Yesterday I went on a bike ride. 25 miles. NONSTOP. On my city bike, turquoise with a cute basket. As my friend raced in front of me in her spandex gear and helmet I held on tight to my rickety bike as cars passed me by. The wind howling and pushing me sometimes forwards, sideways and blowing not so harshly for me to turn back. I huffed and I puffed and I pushed and pushed…through it all I said…no no you’ve gone this far… My yellow scarf blowing, my basket shaking, my jeans sweating and my sweater flopping through the wind. GO GO GO GO GO…!!
The slight uphill, the narrow roads, the sweat beads…and the aching and numbing knees and thighs… from San Francisco to cross the bridge through Sausalito through the highways and all the way to a wonderful oceanic view of San Francisco in the lovely town of Tiburon…then back to Sausalito.
Throughout the ride back…I envisioned myself getting off that bike, with one thumb up “SF BOUND” the thumb would say. My burning thighs were telling me to hail down the next truck with an empty truck bed climb in and head home. I didn’t. Could it be in my blood? Is it the Vietnamese resilience? Could it be due to proper breathing technique? Things will or will not get worst and or harder. I just have to think…One day at a time Tina…I learned from Daniel the other day to never look back while I was on my bike because that could cause an accident on my bike.

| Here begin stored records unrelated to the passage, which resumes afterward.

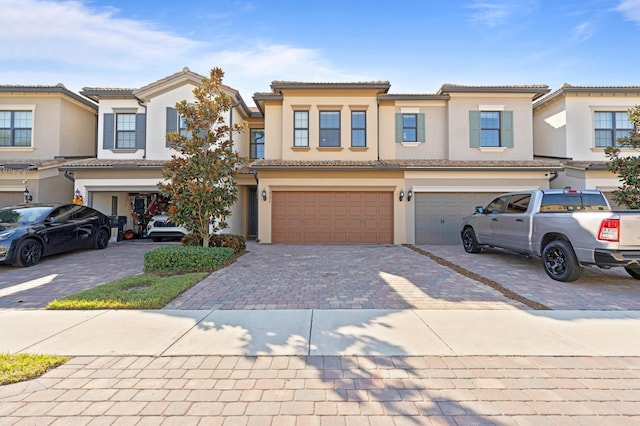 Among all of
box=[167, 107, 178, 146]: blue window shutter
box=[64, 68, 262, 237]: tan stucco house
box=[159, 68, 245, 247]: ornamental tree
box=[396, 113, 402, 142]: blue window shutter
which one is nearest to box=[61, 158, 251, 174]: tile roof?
box=[64, 68, 262, 237]: tan stucco house

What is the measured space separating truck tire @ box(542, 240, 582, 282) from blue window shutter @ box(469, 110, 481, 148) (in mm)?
8182

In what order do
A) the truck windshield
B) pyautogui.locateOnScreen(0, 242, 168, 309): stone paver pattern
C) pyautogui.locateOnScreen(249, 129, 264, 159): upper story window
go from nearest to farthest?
pyautogui.locateOnScreen(0, 242, 168, 309): stone paver pattern → the truck windshield → pyautogui.locateOnScreen(249, 129, 264, 159): upper story window

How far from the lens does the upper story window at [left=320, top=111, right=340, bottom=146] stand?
14188 mm

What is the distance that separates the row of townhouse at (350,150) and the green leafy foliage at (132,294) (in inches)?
273

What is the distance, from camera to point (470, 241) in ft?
34.8

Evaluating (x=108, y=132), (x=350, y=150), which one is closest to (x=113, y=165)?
(x=108, y=132)

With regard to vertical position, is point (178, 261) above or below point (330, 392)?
above

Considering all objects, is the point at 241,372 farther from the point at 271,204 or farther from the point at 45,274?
the point at 271,204

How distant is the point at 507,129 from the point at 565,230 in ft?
30.0

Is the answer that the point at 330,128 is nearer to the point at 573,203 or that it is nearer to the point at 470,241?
the point at 470,241

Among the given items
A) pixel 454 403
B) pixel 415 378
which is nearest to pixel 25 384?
pixel 415 378

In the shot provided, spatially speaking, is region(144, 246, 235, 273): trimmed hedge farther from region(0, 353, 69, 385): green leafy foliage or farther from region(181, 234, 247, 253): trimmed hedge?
region(0, 353, 69, 385): green leafy foliage

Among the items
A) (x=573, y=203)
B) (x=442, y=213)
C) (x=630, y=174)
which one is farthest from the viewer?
(x=442, y=213)

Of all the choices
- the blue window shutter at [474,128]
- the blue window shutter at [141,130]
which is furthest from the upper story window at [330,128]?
the blue window shutter at [141,130] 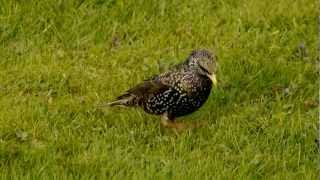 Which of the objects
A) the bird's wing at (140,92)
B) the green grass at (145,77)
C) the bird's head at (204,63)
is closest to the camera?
the green grass at (145,77)

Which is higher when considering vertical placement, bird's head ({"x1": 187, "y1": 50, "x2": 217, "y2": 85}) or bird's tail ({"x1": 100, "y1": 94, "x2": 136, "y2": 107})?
bird's head ({"x1": 187, "y1": 50, "x2": 217, "y2": 85})

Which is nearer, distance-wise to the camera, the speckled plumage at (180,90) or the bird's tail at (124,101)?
the speckled plumage at (180,90)

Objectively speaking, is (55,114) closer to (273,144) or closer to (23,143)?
(23,143)

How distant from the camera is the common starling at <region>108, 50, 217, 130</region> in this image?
758cm

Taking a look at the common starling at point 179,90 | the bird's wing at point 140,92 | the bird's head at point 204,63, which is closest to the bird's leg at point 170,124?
the common starling at point 179,90

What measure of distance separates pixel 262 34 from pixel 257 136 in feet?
7.60

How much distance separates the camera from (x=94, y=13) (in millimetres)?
9945

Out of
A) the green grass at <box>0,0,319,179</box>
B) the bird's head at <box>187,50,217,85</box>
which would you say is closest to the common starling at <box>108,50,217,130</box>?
the bird's head at <box>187,50,217,85</box>

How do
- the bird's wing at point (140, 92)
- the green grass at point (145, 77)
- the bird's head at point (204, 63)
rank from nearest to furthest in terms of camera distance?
1. the green grass at point (145, 77)
2. the bird's head at point (204, 63)
3. the bird's wing at point (140, 92)

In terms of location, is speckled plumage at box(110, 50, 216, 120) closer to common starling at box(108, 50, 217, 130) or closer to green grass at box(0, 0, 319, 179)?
common starling at box(108, 50, 217, 130)

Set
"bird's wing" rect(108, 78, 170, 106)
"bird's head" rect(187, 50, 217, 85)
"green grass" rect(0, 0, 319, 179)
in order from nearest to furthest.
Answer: "green grass" rect(0, 0, 319, 179) → "bird's head" rect(187, 50, 217, 85) → "bird's wing" rect(108, 78, 170, 106)

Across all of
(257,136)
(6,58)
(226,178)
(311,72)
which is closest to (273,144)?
(257,136)

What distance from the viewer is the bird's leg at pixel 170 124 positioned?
765 centimetres

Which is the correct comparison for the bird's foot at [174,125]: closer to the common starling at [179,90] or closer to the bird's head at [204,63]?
the common starling at [179,90] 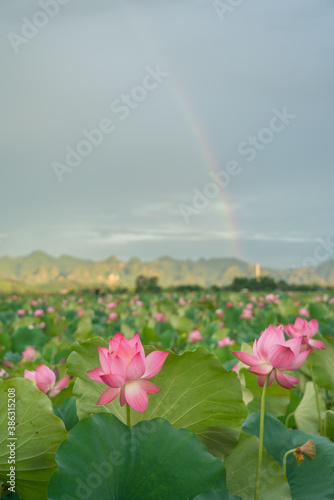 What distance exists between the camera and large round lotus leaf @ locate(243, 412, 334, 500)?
92 cm

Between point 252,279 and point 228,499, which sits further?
point 252,279

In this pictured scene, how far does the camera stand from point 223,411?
88cm

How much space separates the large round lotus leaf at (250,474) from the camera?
0.85 m

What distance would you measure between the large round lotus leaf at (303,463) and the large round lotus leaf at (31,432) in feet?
1.48

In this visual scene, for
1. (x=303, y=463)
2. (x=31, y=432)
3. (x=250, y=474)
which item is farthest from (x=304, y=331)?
(x=31, y=432)

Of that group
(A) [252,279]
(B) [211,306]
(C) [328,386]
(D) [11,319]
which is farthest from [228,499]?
(A) [252,279]

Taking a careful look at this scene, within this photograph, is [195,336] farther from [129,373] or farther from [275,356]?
[129,373]

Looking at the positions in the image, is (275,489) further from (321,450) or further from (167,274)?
(167,274)

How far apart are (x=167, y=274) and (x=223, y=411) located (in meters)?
166

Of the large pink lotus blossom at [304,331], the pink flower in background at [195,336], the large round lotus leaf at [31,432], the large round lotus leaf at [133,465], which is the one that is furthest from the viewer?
the pink flower in background at [195,336]

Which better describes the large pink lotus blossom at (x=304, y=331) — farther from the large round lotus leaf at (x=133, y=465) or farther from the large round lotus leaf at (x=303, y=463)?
the large round lotus leaf at (x=133, y=465)

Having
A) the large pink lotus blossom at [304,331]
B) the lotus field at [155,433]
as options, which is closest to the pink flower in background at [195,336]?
the large pink lotus blossom at [304,331]

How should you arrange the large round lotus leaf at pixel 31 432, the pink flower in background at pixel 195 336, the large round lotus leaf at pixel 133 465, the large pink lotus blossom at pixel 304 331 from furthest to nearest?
the pink flower in background at pixel 195 336 < the large pink lotus blossom at pixel 304 331 < the large round lotus leaf at pixel 31 432 < the large round lotus leaf at pixel 133 465

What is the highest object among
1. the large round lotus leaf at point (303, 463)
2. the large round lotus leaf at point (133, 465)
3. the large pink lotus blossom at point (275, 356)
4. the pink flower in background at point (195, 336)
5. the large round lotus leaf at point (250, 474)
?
the large pink lotus blossom at point (275, 356) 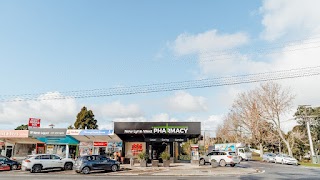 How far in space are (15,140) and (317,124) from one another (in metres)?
66.4

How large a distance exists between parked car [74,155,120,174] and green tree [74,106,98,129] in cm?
4012

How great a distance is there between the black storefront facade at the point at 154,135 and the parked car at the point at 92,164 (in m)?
5.26

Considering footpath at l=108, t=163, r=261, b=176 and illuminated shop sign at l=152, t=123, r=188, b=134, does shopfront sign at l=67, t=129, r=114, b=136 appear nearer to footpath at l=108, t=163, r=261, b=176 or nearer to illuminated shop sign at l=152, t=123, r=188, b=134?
illuminated shop sign at l=152, t=123, r=188, b=134

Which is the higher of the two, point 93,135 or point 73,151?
point 93,135

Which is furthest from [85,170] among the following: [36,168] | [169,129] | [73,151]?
[73,151]

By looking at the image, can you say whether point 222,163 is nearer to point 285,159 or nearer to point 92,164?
point 285,159

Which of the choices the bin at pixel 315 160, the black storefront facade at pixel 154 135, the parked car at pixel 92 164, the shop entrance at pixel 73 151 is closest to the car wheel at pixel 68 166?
the parked car at pixel 92 164

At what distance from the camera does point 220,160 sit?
2930cm

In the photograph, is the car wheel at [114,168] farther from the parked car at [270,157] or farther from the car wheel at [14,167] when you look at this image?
the parked car at [270,157]

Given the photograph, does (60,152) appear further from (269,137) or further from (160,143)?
(269,137)

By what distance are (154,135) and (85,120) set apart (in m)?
36.9

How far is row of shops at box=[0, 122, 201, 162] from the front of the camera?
2792cm

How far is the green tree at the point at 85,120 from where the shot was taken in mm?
61719

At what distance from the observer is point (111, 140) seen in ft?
113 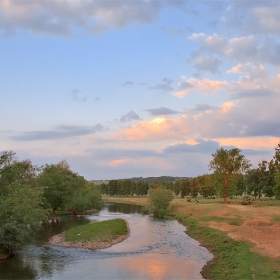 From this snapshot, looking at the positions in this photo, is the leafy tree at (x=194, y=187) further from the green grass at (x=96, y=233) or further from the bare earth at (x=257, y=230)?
the green grass at (x=96, y=233)

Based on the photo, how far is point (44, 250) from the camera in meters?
44.1

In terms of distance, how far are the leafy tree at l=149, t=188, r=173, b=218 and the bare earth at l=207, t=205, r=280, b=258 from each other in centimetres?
1634

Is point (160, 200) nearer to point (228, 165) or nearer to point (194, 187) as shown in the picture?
point (228, 165)

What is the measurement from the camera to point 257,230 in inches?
2106

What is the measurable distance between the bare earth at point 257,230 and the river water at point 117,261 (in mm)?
6576

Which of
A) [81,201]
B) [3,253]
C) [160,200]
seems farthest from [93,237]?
[81,201]

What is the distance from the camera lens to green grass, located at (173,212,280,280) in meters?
30.3

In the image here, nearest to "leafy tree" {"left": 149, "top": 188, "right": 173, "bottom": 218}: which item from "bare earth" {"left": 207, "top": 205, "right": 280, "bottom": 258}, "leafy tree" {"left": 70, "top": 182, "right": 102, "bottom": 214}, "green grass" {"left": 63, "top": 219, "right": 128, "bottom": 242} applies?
"bare earth" {"left": 207, "top": 205, "right": 280, "bottom": 258}

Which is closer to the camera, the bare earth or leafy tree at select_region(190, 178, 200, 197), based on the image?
the bare earth

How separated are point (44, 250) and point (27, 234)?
23.6 ft

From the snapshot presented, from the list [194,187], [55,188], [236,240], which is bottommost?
[236,240]

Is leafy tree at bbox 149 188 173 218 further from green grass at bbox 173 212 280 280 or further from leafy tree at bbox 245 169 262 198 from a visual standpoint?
leafy tree at bbox 245 169 262 198

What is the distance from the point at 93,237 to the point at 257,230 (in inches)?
1037

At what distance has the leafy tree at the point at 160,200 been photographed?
296 feet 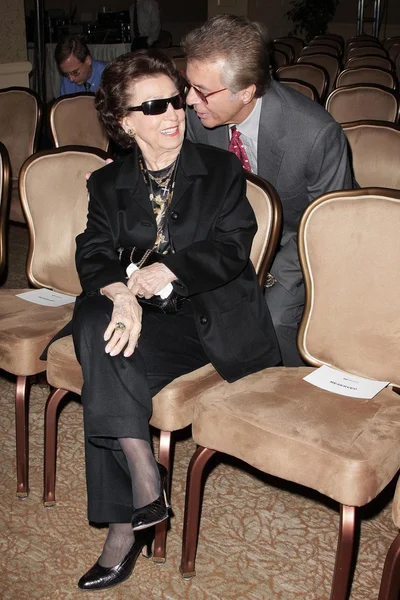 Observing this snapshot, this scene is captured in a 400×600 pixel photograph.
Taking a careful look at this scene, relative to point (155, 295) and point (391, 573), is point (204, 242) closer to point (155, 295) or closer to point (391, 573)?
point (155, 295)

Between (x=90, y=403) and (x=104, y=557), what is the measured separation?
1.37ft

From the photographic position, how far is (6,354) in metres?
2.35

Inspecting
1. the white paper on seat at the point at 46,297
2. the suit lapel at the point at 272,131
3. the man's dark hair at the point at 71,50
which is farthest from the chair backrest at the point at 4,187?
the man's dark hair at the point at 71,50

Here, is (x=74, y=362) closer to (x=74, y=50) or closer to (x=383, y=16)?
(x=74, y=50)

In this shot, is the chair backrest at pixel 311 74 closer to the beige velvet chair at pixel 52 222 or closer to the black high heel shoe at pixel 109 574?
the beige velvet chair at pixel 52 222

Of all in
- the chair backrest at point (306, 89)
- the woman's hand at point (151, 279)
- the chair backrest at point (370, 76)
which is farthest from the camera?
the chair backrest at point (370, 76)

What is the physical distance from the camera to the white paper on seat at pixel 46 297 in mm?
2627

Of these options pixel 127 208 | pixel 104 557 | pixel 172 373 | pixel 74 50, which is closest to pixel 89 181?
pixel 127 208

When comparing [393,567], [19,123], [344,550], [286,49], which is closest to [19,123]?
[19,123]

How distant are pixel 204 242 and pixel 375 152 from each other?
1.26 m

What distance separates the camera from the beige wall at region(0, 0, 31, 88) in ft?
20.5

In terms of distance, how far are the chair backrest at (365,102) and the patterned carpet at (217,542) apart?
2.43 metres

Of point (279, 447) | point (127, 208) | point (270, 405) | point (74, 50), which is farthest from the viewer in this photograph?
point (74, 50)

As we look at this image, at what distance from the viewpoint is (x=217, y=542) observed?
2.15m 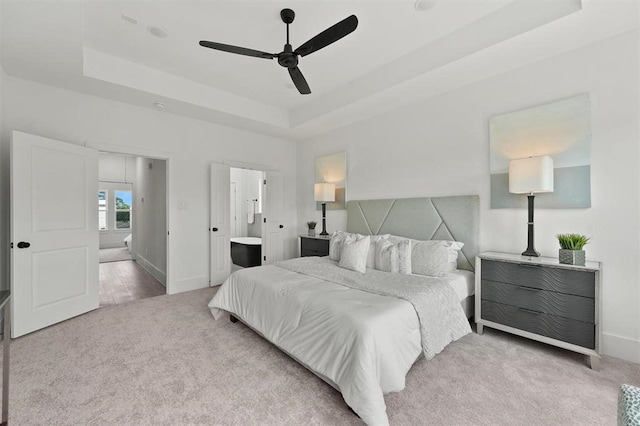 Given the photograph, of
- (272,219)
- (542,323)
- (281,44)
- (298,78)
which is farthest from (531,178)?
(272,219)

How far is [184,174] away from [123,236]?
6.94 meters

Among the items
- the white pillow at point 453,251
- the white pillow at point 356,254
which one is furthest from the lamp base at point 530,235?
the white pillow at point 356,254

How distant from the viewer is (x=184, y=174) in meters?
4.37

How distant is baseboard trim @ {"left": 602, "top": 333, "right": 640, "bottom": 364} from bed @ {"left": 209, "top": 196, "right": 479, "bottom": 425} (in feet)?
3.55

The night I lay still on the hospital bed I had received massive head trauma, a slight coma and some seizures I lay rudely awakened. That day as I raced down that hill on my snowboard, in the year 1999…my mistake was looking back at my competition. My head was swollen that day and so was my ego. I learned to never look back. So yesterday on my bike ride when I was towards the very last stretttttttttttchhh I looked forward to the horizon, focusing intently on the road ahead of me, heart pumping and hair not so flowing. I tilted my head down and began to breathe heavily and pushed forth. The days when my mind will tell me “I can’t do it” I look forth to that distant yet vividly bright future…and to that never-ending light that shines towards my goal…whatever it is.
Its been a while since my fingers felt the erratic taps of the keyboard. There is something that I miss when I can’t find my inspiration to write. I always have the urge…searching and seeking for another experience to write about. Maybe, like much of my thoughts I should focus. Something will come…
The rain has erupted a bit of silence…and so has this bit of stability, but as new change slowly veers it’s shy head around the corner I find my heart beating again. Beating to an exciting new beat. A serious one.